And the LORD said to Moses: Make a seraph and mount it on a pole, and everyone who has been bitten will look at it and recover.
Accordingly Moses made a bronze serpent and mounted it on a pole, and whenever the serpent bit someone, the person looked at the bronze serpent and recovered. (Numbers 21:8-9 NABRE)
The Israelites had been punished by God because of their complaints against him, until Moses prayed to God on their behalf. In today's passage, we see God's saving response to Moses' prayer.

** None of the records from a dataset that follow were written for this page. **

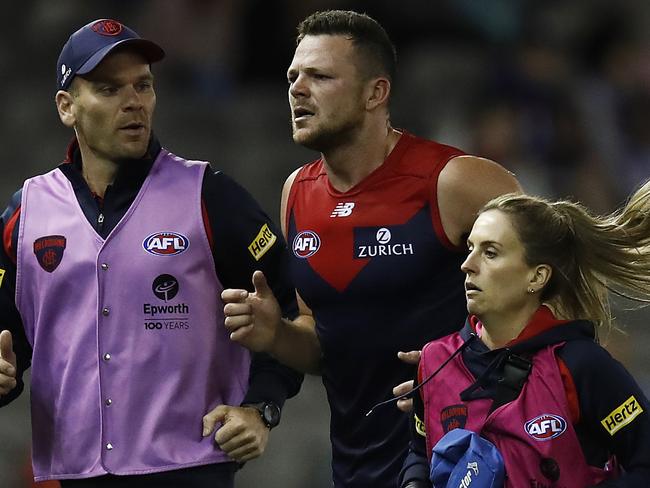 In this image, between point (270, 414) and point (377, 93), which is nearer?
point (270, 414)

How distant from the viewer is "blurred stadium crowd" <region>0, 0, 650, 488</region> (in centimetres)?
1022

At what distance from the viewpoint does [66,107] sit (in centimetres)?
527

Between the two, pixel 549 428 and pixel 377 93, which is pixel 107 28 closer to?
pixel 377 93

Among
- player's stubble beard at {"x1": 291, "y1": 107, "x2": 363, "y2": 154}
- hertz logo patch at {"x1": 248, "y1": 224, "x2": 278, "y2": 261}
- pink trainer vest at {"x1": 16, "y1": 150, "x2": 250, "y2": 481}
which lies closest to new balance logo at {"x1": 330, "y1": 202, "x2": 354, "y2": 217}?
player's stubble beard at {"x1": 291, "y1": 107, "x2": 363, "y2": 154}

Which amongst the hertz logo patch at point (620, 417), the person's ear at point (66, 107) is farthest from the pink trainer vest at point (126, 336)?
the hertz logo patch at point (620, 417)

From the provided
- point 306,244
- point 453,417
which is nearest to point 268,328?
point 306,244

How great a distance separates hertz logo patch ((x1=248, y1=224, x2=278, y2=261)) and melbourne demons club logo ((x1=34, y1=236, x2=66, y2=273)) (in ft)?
1.83

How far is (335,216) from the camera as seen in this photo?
541 cm

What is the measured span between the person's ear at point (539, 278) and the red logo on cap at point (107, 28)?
1.47 m

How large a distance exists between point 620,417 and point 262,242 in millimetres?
1271

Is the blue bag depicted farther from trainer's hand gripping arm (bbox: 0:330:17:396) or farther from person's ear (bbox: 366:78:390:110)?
person's ear (bbox: 366:78:390:110)

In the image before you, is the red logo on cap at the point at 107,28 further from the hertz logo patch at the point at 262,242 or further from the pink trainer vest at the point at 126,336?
the hertz logo patch at the point at 262,242

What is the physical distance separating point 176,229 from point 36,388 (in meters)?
0.64

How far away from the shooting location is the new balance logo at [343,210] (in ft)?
17.7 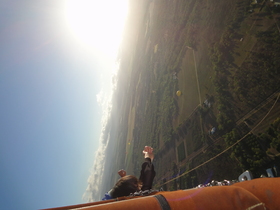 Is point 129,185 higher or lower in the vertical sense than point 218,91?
lower

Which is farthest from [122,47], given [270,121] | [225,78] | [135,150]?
[270,121]

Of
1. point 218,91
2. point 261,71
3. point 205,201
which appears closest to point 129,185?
point 205,201

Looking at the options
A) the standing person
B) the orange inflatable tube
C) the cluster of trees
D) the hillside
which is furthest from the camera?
the hillside

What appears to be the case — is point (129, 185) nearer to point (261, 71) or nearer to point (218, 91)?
point (261, 71)

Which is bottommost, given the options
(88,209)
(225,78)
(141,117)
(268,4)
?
(88,209)

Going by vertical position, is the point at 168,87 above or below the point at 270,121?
above

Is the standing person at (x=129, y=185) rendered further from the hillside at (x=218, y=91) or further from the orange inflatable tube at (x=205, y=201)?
the hillside at (x=218, y=91)

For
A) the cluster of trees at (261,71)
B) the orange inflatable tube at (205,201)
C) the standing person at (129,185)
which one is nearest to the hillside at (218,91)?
the cluster of trees at (261,71)

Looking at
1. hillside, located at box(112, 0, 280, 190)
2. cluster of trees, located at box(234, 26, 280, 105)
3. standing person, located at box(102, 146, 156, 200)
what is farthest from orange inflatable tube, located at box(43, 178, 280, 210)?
cluster of trees, located at box(234, 26, 280, 105)

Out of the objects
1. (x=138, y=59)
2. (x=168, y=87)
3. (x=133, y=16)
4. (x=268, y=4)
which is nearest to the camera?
(x=268, y=4)

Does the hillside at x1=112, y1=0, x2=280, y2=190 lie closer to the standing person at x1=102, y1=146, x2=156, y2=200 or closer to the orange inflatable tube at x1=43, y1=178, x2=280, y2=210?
the standing person at x1=102, y1=146, x2=156, y2=200

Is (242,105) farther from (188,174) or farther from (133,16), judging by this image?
(133,16) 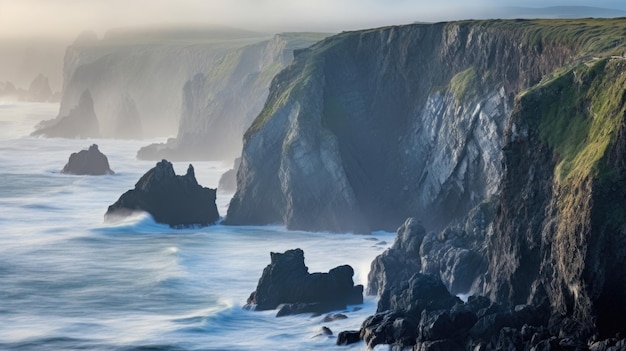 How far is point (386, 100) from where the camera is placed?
129000mm

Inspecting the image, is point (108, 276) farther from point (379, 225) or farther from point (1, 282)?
point (379, 225)

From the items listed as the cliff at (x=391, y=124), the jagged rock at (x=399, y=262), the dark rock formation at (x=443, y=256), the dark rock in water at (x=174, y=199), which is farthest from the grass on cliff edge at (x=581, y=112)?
the dark rock in water at (x=174, y=199)

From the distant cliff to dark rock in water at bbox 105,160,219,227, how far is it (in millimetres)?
2853

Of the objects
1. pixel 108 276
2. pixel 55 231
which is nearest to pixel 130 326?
pixel 108 276

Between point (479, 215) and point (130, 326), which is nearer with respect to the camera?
point (130, 326)

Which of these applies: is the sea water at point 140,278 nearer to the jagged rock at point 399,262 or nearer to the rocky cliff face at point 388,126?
the jagged rock at point 399,262

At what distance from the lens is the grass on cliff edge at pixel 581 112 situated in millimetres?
78688

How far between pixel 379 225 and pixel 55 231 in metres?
29.8

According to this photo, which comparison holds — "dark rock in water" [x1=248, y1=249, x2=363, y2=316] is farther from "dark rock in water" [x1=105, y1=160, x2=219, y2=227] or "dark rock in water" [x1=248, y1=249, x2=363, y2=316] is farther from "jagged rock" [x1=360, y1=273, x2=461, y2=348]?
"dark rock in water" [x1=105, y1=160, x2=219, y2=227]

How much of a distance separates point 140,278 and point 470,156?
30257 millimetres

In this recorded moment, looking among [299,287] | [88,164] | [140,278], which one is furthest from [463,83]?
[88,164]

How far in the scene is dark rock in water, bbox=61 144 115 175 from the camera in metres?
165

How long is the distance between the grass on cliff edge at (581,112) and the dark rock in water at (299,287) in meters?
16.8

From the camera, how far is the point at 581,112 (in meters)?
83.4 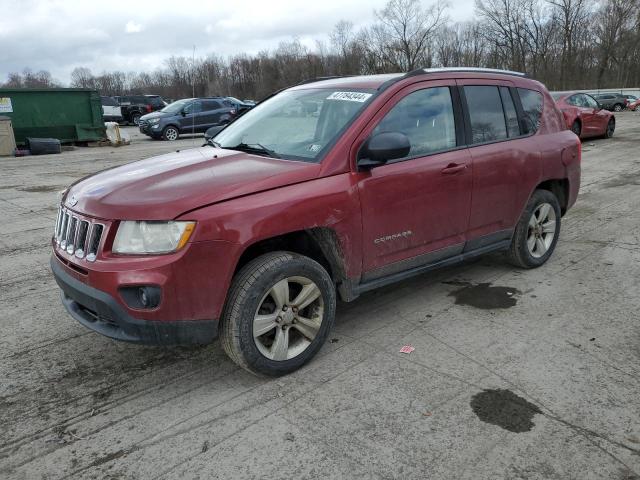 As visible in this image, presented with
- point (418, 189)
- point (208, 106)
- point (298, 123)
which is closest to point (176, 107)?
point (208, 106)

In the Gospel of John this scene is referred to as prefiguring the crucifixion of Jesus.* John writes:
And just as Moses lifted up the serpent in the desert, so must the Son of Man be lifted up,
so that everyone who believes in him may have eternal life."
For God so loved the world that he gave his only Son, so that everyone who believes in him might not perish but might have eternal life.
For God did not send his Son into the world to condemn the world, but that the world might be saved through him. (John 3:14-16)
Today, on this Feast of the Exaltation of the Holy Cross, I will consider the words of Saint Theodore of Studios (759–826), "How splendid the cross of Christ! It brings life, not death; light, not darkness; Paradise, not its loss. It is the wood on which the Lord, like a great warrior, was wounded in hands and feet and side, but healed thereby our wounds. A tree has destroyed us, a tree now brought us life."
Jesus, Merciful Savior who died on the Holy Cross to redeem men's sins, have mercy on us.